= The records =
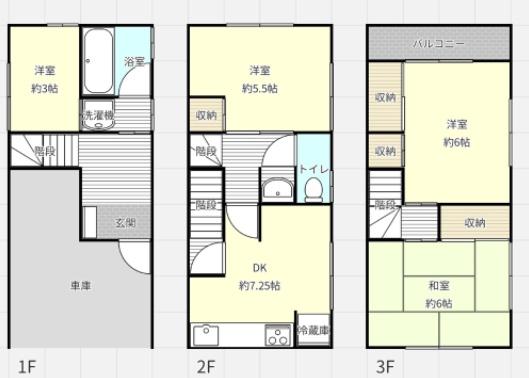 大阪市淀川区田川北１丁目の中古一戸建て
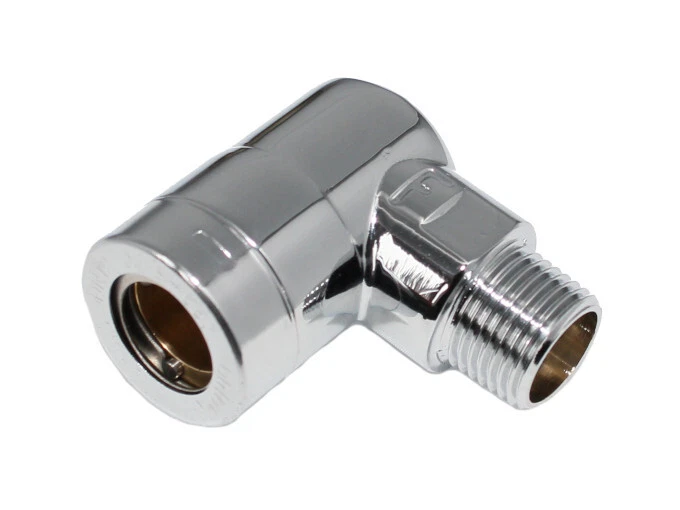 CAMPCOOGA Gassteckdose Propangas, Flüssiggas für Allgasschläuche Schnellkupplung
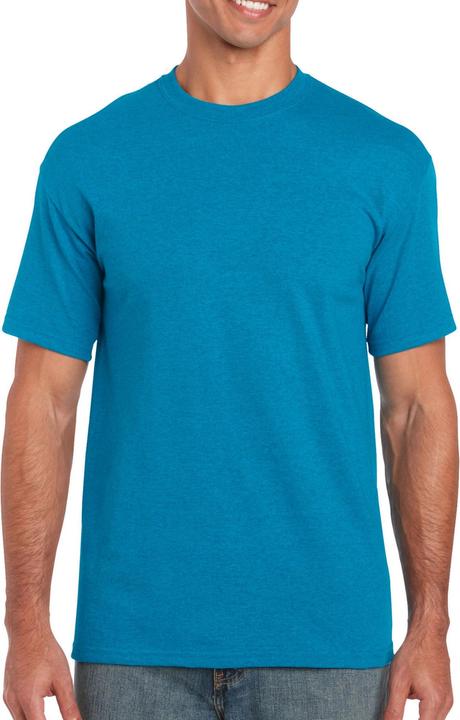 Actual product image Gildan Unisex Adult Plain Cotton Heavy T-Shirt (XXL)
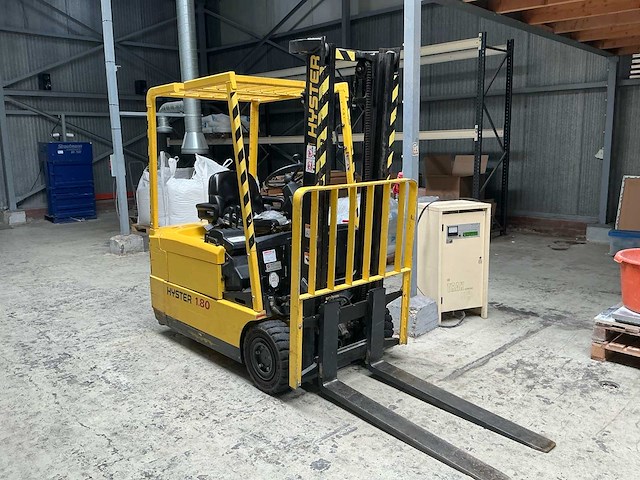 1996 hyster j1.80xmt vorkheftruck - afbeelding 27 van  27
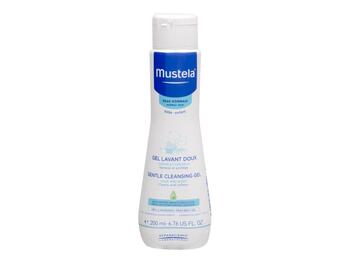 Mustela Bébé Shower Gel Гель для душа 200ml / Hair and Body (3504105028190)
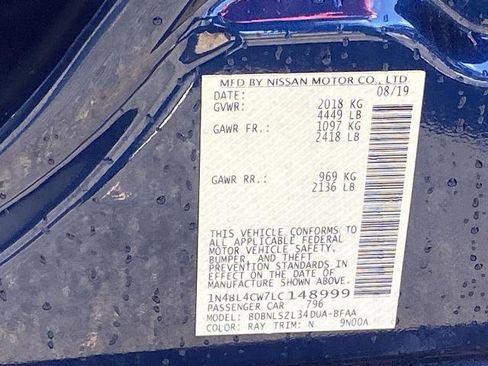 Used 2020 Nissan Altima 2.5 SR image 28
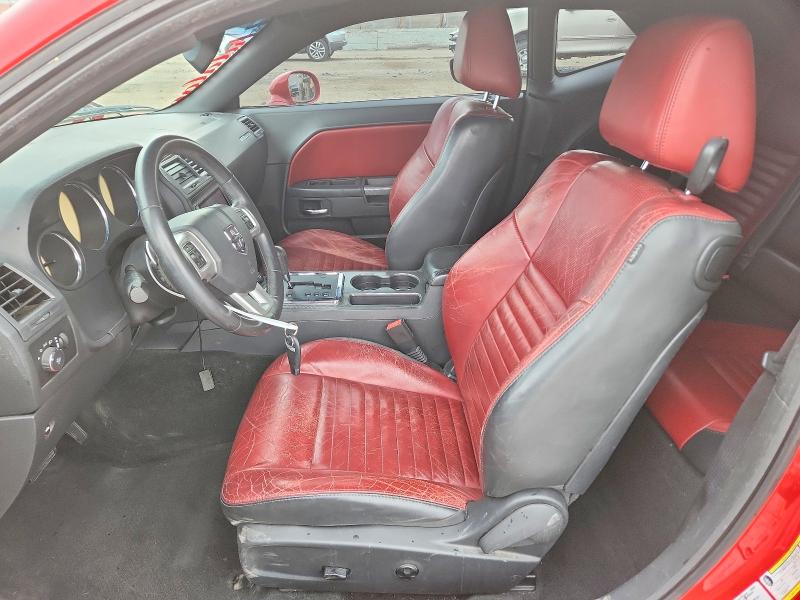 2014 Dodge Challenger VIN 2C3CDYBT8EH186370 COPART salvage auction — FRONT END, Nm - Cert Of Title-Salvage, sold $875 on 2026-07-30 (photo 7)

= Exercise aim =
Without including any picture, restate every entry above exactly.

= Answer to this problem =
 大阪市淀川区田川北１丁目の中古一戸建て
 CAMPCOOGA Gassteckdose Propangas, Flüssiggas für Allgasschläuche Schnellkupplung
 Actual product image Gildan Unisex Adult Plain Cotton Heavy T-Shirt (XXL)
 1996 hyster j1.80xmt vorkheftruck - afbeelding 27 van  27
 Mustela Bébé Shower Gel Гель для душа 200ml / Hair and Body (3504105028190)
 Used 2020 Nissan Altima 2.5 SR image 28
 2014 Dodge Challenger VIN 2C3CDYBT8EH186370 COPART salvage auction — FRONT END, Nm - Cert Of Title-Salvage, sold $875 on 2026-07-30 (photo 7)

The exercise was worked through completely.